Monday, November 7, 2016

Mastering Index – Index with included columns

This article is the part of series Mastering Index, in this particular article we will be exploring Index with included columns. Take a look at the content of this series –

Mastering Index – Index with included columns
One of the most interesting and talked about topic in database field is Index. I am writing this Series of article to cover all the different types of Index available in SQL Server. I will be writing this series in two categories Index and Special Index. Please find the List of topics below, which I will covering –

Mastering Index 
1. Clustered Index
2. Nonclustered Index
3. Unique Index
4. Index with included columns
5. Index on computed columns
6. Filtered Index

Special Index

1. XML Index
2. Full Text Index
3. Spatial Index
4. Columnstore Index

If you have read this series from the beginning, I am sure you have good understanding of Index, Index types, Index cost and benefits. Let me make it very clear Index with included columns is not a type of Index. It is just a variant of nonclustered Index, which can be very helpful in certain scenarios.
You may remember from Nonclustered Index article, when leaf node of the nonclustered Index cannot find all the data required, it uses the clustered Index to get the additional information. What if we can somehow store that additional information in nonclustered Index, so we can save time and resource used in searching clustered Index. We can do it using the include option in nonclustered Index but remember that it cost space in disk and can be useful only in certain situations.

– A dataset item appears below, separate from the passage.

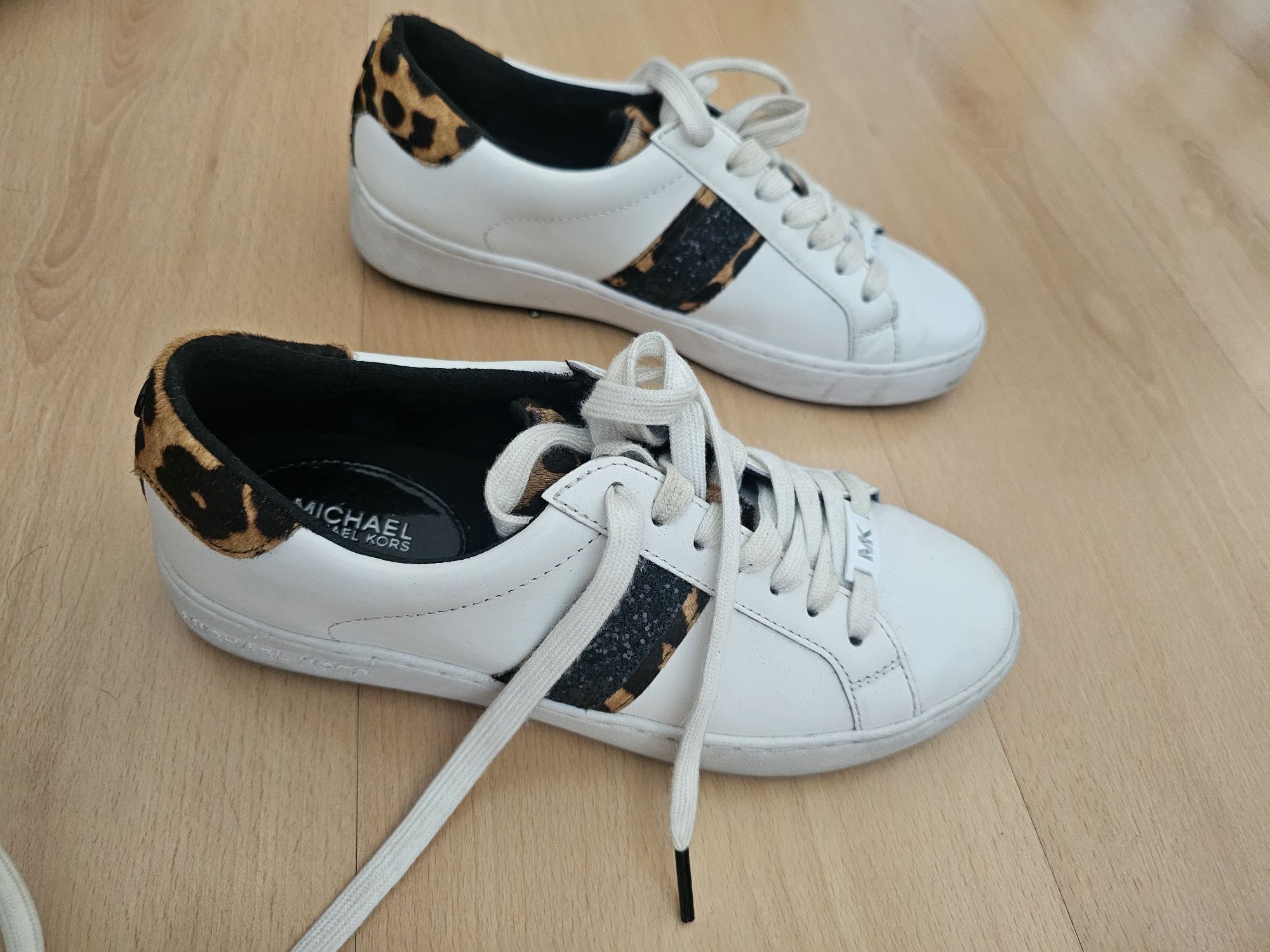 Ténis Michael Kors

There are other benefits like we can include a column with data type which cannot be used as Index key and included columns are not consider by the SQL Server while calculating Index key size and number of Index key columns.
When we create a nonclustered Index with include option, leaf node actually stores the column value with Index key. So if query can find all the information in this Index there is no need to refer the clustered Index /heap. This kind of query is called covering query and Index is called covering Index.
Usage Recommendations-
Suppose you have nonclustered index with large index key size. In this case you can redesign the index, use only those columns as index key which are useful in searching and lookups and remaining columns use as included columns. So you have a smaller index key and stilling covering the query.
We have limitation on the index key size 16 columns or 900 bytes, if your index requires more columns, you can use them as included column. SQL Server does not consider them during calculating the size of index key or number of index column.

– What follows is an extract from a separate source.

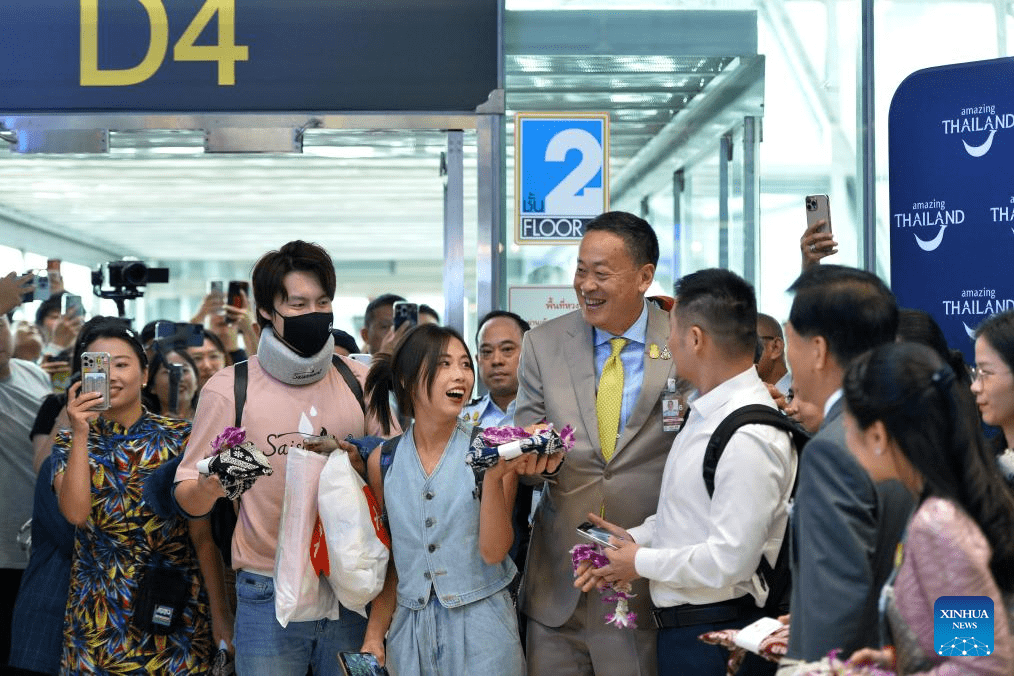 Thai PM greets arrival of Chinese tourists on inaugural visa-free day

There are some limitation for include column-
We can use include columns only for nonclustered index
All data types can be included except text, ntext and image.
Computed columns can be used as included columns.
Included columns cannot be dropped from a table, if you want do so first drop the index.
We cannot change column nullability and length for varchar, nvarchar or vabinary.

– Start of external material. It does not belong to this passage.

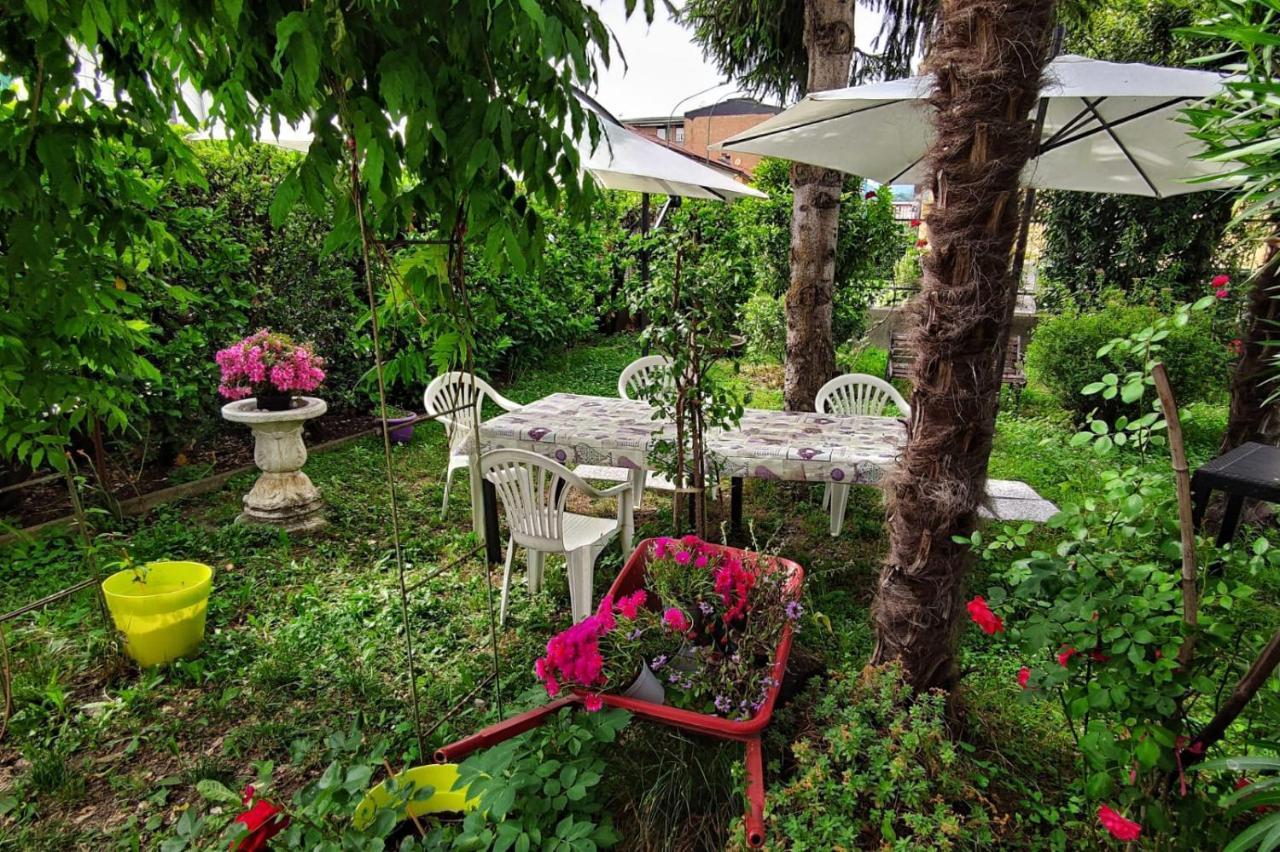 Villa Da Simona- Casa 4 Posti Letto + 4 Aggiuntivi Arona Exterior foto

Let’s start some coding, assume that we have a table called ‘Employee_Test’, you can create the table with below script.
Here we are using the AdventureWorks2014 database. Here we are creating a table and inserting records from original Employee table. I am copying the table records 1000 times to create enough amounts of data to show performance change. You can set the value as per your need.


USE [AdventureWorks2014]
GO
/****** Object:  Table [HumanResources].[Employee]    Script Date: 10/7/2016 12:38:57 PM ******/
SET ANSI_NULLS ON
GO

SET QUOTED_IDENTIFIER ON
GO

Begin
CREATE TABLE [HumanResources].[Employee_Test](
       [BusinessEntityID] [int] Identity NOT NULL,
       [NationalIDNumber] [nvarchar](15) NOT NULL,
       [LoginID] [nvarchar](256) NOT NULL,
       [OrganizationNode] [hierarchyid] NULL,
       [OrganizationLevel]  int,
       [JobTitle] [nvarchar](50) NOT NULL,
       [BirthDate] [date] NOT NULL,
       [MaritalStatus] [nchar](1) NOT NULL,
       [Gender] [nchar](1) NOT NULL,
       [HireDate] [date] NOT NULL,
       [SalariedFlag] [dbo].[Flag] NOT NULL   DEFAULT ((1)),
       [VacationHours] [smallint] NOT NULL  DEFAULT ((0)),
       [SickLeaveHours] [smallint] NOT NULL   DEFAULT ((0)),
       [CurrentFlag] [dbo].[Flag] NOT NULL   DEFAULT ((1)),
       [rowguid] [uniqueidentifier] ROWGUIDCOL  NOT NULL   DEFAULT (newid()),
       [ModifiedDate] [datetime] NOT NULL  DEFAULT (getdate()),
)

Declare @Count int
Declare @TotalRec int

Set @Count=0
Set @TotalRec=1000

WHILE (@TotalRec>@Count)
BEGIN -- While Begin

Insert into [HumanResources].[Employee_Test]
(
  [NationalIDNumber]
      ,[LoginID]
      ,[OrganizationNode]
      ,[OrganizationLevel]
      ,[JobTitle]
      ,[BirthDate]
      ,[MaritalStatus]
      ,[Gender]
      ,[HireDate]
      ,[SalariedFlag]
      ,[VacationHours]
      ,[SickLeaveHours]
      ,[CurrentFlag]
      ,[rowguid]
      ,[ModifiedDate]
)
SELECT
      [NationalIDNumber]
      ,[LoginID]
      ,[OrganizationNode]
      ,[OrganizationLevel]
      ,[JobTitle]
      ,[BirthDate]
      ,[MaritalStatus]
      ,[Gender]
      ,[HireDate]
      ,[SalariedFlag]
      ,[VacationHours]
      ,[SickLeaveHours]
      ,[CurrentFlag]
      ,[rowguid]
      ,[ModifiedDate]
  FROM [AdventureWorks2014].[HumanResources].[Employee]


set @Count=@Count+1
END

CREATE UNIQUE CLUSTERED INDEX [ClusteredIndex-PK] ON [HumanResources].[Employee_Test]
(
       [BusinessEntityID] ASC
)WITH (PAD_INDEX = OFF, STATISTICS_NORECOMPUTE = OFF, SORT_IN_TEMPDB = OFF, IGNORE_DUP_KEY = OFF, DROP_EXISTING = OFF, ONLINE = OFF, ALLOW_ROW_LOCKS = ON, ALLOW_PAGE_LOCKS = ON)



End


Once our table is ready with data, we can learn how to create a nonclustered Index with include option and how it influence the query execution plan and performance. We can create Index from SQL Script or from Management Studio, if you are not sure how you can do it, please refer previous article of this series. I have explained step by step process to create Index. Here is the links for that –





Now we have our table with PK only, which is created on BusinessEntityID column and by default it is a clustered Index. Let’s run the below scrip and analyze the execution plan. Select the option to include the actual execution plan. You can do it from task bar or right click and select actual execution plan.

SELECT
       [NationalIDNumber]
      ,[LoginID]
      ,[JobTitle]
      ,[BirthDate]
  FROM [AdventureWorks2014].[HumanResources].[Employee_Test]
  Where [NationalIDNumber]= 295847284

As you can see the execution plan in below screenshot most of the cost (98%) belongs to clustered Index scan but you can see in our script we are not directly using the clustered Index (Primary key on BusinessEntityID). 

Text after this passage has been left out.